START Dataset excerpts

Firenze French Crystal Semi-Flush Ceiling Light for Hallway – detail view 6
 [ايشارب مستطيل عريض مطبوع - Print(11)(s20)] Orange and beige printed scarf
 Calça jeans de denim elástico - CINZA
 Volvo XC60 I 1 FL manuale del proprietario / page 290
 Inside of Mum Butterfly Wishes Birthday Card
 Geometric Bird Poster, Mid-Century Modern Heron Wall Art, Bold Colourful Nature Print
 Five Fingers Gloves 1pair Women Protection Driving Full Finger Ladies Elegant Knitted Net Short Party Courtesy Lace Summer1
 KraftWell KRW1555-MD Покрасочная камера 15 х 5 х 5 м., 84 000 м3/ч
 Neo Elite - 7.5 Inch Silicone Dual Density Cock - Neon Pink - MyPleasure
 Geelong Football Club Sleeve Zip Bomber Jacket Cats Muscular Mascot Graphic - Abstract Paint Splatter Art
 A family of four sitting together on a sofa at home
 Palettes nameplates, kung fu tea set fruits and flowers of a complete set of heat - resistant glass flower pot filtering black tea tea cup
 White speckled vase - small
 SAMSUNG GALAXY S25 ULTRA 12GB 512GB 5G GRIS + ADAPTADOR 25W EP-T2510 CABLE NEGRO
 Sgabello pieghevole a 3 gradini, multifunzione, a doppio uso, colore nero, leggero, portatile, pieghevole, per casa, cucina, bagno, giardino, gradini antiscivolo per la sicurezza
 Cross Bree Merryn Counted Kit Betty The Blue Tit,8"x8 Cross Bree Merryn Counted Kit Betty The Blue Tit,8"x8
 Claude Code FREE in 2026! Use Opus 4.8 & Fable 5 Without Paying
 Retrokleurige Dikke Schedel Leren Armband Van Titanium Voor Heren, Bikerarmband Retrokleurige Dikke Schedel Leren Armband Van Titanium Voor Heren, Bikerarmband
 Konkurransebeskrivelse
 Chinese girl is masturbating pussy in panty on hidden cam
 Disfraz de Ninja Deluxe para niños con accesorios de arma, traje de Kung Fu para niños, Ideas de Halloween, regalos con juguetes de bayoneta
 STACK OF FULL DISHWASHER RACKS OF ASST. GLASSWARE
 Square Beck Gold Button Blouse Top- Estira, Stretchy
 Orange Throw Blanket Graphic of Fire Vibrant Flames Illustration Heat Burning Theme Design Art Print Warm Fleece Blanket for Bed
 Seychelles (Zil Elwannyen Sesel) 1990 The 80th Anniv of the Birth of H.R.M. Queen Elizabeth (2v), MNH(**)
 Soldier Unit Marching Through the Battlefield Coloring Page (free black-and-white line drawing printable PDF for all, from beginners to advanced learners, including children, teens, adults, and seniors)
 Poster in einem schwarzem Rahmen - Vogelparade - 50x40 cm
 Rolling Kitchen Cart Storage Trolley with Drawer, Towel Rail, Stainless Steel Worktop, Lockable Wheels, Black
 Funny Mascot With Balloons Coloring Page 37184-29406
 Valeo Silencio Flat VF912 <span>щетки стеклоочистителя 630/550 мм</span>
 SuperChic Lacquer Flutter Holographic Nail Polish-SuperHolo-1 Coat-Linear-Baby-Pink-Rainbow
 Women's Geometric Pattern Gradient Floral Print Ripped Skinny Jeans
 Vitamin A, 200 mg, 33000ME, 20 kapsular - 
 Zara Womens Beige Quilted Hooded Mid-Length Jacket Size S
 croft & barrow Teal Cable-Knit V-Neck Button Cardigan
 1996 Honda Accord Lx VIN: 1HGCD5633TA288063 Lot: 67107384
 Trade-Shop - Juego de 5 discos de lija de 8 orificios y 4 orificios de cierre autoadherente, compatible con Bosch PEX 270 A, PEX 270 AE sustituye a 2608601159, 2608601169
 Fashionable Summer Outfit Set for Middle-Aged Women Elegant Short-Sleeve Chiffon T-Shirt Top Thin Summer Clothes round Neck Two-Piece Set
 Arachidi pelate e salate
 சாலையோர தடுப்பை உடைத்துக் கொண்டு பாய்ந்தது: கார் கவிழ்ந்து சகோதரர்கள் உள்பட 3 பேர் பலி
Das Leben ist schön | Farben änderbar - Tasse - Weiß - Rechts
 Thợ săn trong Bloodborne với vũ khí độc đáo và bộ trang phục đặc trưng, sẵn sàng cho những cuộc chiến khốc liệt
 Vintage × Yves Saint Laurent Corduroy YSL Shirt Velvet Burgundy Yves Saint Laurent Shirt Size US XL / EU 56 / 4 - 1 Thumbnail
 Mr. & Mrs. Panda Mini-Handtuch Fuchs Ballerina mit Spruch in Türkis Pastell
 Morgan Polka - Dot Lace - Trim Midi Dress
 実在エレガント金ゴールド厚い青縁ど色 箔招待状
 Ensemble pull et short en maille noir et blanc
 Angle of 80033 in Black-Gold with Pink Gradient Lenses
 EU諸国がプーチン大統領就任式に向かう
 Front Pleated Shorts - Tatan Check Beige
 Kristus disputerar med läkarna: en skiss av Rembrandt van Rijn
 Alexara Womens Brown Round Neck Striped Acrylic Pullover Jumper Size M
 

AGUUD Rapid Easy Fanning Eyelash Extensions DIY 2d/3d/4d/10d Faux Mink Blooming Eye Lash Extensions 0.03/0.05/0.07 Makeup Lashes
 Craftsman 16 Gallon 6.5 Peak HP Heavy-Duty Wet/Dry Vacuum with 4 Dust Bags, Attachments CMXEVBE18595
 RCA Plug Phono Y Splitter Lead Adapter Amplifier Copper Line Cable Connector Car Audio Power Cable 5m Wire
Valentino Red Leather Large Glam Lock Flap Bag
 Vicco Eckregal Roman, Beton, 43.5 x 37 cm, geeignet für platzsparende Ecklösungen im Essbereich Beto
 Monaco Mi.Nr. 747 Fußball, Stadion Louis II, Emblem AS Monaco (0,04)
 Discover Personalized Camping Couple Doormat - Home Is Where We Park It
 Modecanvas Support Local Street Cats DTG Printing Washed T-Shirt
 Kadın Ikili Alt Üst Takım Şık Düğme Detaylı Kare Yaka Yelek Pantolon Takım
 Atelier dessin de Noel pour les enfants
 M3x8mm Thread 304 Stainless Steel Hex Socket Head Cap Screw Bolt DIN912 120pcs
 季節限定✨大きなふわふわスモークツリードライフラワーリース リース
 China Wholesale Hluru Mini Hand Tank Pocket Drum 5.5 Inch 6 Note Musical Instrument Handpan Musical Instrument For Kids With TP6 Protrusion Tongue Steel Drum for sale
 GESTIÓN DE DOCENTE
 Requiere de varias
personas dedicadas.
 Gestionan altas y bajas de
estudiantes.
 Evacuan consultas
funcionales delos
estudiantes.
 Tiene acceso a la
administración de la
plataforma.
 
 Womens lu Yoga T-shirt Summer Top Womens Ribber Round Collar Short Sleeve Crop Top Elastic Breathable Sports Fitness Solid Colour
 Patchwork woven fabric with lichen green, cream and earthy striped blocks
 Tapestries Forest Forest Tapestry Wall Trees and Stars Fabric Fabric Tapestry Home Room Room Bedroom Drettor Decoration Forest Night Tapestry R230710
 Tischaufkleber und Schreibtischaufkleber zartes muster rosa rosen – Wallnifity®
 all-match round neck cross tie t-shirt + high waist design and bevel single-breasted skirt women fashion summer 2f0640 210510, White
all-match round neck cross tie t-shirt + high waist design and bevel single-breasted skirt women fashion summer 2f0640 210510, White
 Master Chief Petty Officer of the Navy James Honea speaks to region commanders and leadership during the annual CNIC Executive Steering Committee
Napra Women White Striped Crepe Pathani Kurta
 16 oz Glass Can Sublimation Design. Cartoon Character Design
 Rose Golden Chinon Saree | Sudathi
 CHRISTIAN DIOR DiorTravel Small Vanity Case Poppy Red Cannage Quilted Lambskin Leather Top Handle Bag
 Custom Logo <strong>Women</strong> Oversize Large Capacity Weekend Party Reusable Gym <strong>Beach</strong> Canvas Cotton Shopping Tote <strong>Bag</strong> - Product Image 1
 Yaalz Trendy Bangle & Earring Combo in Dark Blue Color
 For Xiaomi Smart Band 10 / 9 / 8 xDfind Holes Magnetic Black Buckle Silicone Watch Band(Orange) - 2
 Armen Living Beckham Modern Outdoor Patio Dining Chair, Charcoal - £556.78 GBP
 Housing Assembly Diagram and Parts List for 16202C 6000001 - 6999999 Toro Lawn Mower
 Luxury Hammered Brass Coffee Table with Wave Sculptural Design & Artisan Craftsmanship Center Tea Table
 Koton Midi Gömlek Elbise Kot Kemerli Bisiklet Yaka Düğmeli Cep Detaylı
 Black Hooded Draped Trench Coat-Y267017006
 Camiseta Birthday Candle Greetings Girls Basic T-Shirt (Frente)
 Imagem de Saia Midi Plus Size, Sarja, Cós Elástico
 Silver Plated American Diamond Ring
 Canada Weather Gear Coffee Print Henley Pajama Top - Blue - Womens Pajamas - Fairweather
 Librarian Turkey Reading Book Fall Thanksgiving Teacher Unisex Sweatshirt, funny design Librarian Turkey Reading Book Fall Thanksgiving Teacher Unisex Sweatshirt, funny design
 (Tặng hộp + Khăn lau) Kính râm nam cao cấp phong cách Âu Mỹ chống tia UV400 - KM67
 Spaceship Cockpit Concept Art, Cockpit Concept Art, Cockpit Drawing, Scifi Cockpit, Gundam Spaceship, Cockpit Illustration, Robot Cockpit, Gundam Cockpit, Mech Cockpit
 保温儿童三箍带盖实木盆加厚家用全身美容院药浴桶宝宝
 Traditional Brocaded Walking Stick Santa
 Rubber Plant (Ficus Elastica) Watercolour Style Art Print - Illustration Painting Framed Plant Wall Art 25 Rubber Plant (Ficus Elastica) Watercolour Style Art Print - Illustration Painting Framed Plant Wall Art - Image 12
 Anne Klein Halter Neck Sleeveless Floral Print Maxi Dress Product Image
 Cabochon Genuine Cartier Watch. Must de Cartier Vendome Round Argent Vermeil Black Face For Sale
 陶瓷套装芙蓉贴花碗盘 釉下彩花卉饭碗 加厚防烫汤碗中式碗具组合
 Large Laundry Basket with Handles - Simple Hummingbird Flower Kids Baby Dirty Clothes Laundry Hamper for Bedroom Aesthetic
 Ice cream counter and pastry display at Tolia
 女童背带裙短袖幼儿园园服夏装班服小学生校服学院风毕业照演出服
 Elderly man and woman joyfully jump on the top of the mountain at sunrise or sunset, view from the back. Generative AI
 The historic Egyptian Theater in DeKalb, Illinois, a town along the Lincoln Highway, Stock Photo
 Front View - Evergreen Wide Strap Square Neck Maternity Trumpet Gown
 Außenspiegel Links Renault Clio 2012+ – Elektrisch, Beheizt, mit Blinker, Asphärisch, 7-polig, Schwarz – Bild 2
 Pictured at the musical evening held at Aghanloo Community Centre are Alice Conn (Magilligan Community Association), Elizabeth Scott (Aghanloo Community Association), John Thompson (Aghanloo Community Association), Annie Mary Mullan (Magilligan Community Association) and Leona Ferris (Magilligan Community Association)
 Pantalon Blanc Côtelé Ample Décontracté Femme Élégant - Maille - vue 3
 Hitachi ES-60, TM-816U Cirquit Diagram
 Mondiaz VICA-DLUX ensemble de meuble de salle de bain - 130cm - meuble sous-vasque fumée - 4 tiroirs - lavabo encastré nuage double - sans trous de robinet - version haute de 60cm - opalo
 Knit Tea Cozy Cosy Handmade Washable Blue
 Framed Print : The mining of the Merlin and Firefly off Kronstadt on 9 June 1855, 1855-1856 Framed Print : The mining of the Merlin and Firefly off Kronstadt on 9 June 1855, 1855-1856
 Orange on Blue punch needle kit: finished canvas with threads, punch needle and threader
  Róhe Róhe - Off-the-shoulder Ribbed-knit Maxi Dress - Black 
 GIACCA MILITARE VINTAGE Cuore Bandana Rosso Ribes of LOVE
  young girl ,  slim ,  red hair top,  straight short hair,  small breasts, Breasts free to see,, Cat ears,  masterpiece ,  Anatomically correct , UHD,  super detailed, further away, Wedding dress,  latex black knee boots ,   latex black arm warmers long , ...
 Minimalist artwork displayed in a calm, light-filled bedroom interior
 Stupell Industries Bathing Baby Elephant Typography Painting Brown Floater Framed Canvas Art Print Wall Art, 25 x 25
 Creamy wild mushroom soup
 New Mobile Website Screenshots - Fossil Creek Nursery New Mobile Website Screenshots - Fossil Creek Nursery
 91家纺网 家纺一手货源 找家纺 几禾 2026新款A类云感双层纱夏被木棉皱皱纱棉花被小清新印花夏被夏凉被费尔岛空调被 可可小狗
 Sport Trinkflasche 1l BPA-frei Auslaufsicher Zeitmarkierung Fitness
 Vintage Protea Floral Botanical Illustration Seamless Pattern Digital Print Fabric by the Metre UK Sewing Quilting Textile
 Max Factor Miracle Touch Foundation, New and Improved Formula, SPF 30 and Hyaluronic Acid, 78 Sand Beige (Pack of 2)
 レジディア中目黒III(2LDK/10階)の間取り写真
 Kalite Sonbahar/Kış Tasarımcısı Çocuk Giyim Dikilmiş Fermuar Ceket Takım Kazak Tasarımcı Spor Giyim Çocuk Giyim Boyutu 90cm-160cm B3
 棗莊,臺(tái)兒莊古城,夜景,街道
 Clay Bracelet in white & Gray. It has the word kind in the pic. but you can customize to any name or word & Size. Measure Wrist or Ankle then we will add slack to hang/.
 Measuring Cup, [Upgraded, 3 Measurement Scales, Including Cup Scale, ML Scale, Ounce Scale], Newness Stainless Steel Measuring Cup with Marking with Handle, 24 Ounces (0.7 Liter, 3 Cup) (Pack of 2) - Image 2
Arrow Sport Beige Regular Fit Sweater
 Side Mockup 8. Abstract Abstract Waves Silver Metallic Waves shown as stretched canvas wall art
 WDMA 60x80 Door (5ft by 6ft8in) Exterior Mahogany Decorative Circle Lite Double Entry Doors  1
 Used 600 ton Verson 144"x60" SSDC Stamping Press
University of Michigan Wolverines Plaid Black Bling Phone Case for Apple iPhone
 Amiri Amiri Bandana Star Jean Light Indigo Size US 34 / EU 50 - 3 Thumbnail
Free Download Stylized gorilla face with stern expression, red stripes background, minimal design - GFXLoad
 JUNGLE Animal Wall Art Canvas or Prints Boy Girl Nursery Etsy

END Dataset excerpts

Wherever a line of the entries holds the string "Coloring", copy that line.

 Soldier Unit Marching Through the Battlefield Coloring Page (free black-and-white line drawing printable PDF for all, from beginners to advanced learners, including children, teens, adults, and seniors)
 Funny Mascot With Balloons Coloring Page 37184-29406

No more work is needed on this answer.